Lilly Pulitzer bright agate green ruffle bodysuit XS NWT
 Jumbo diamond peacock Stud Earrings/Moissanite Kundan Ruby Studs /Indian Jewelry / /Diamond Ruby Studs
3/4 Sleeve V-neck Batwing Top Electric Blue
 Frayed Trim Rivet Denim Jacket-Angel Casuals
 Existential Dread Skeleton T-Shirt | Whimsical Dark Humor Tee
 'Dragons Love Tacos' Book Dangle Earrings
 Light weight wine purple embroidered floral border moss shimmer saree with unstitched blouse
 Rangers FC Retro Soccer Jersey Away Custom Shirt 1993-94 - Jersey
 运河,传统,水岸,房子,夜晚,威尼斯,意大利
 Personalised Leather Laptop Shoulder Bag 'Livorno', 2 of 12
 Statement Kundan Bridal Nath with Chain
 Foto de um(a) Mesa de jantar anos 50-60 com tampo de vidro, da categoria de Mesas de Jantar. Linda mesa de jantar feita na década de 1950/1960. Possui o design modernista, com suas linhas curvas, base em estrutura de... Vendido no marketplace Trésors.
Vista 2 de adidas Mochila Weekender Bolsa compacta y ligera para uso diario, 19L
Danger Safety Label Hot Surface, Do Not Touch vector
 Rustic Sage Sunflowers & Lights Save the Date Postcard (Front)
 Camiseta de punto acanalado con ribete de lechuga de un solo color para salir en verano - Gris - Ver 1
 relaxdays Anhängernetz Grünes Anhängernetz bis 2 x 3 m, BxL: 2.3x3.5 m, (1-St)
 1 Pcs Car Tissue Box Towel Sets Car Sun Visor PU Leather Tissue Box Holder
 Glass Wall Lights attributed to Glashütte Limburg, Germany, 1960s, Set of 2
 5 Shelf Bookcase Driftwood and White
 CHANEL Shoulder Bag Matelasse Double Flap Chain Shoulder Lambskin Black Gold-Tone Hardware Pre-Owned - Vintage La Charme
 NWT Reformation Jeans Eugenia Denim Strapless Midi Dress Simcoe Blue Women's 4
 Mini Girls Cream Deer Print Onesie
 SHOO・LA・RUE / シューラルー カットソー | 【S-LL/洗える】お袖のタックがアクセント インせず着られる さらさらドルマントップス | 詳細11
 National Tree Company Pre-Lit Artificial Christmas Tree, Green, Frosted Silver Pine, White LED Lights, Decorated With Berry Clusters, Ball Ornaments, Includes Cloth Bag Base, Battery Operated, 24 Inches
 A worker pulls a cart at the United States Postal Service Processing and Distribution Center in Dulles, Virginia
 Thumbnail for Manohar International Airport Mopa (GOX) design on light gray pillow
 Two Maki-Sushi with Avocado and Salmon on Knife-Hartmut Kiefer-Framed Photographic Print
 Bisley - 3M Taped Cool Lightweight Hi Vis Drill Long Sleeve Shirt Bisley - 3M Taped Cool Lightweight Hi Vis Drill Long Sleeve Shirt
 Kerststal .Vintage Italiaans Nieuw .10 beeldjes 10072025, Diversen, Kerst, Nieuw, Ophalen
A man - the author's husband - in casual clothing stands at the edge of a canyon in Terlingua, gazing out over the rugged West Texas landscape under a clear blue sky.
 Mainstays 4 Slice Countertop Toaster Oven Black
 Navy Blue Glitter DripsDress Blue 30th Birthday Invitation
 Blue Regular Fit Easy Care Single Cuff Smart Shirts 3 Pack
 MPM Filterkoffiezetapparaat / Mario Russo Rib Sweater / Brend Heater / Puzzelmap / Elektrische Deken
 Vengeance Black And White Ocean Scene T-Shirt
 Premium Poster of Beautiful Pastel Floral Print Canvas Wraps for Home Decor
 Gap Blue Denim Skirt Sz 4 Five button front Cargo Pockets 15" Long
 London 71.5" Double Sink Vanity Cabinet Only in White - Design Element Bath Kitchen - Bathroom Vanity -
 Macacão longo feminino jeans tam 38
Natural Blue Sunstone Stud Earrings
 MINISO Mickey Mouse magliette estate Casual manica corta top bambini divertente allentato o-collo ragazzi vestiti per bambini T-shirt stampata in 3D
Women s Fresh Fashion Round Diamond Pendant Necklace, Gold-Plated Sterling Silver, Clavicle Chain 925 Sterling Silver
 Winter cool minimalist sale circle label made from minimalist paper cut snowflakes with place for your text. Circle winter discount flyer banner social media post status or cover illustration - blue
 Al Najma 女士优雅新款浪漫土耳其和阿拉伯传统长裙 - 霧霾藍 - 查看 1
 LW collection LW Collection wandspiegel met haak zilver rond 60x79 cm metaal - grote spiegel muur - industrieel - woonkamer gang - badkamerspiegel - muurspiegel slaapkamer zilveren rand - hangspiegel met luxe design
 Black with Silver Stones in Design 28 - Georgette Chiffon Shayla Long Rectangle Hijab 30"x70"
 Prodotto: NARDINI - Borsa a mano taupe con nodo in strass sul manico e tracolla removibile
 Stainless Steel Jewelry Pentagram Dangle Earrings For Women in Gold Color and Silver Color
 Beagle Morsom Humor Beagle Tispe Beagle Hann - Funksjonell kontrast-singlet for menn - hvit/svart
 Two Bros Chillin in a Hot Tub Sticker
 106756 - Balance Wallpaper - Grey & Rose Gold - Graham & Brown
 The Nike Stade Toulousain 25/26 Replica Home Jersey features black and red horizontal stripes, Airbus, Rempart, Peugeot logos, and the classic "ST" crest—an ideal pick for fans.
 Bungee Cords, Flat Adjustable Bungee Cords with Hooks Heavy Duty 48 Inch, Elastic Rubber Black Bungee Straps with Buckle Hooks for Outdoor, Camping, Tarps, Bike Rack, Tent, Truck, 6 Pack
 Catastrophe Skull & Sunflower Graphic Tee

= = = =

**WHAT NEEDS TO BE DONE:** In the records above, find every line that contains the word "Dangle" and copy it.

**RESPONSE TO THIS TASK:**
 'Dragons Love Tacos' Book Dangle Earrings
 Stainless Steel Jewelry Pentagram Dangle Earrings For Women in Gold Color and Silver Color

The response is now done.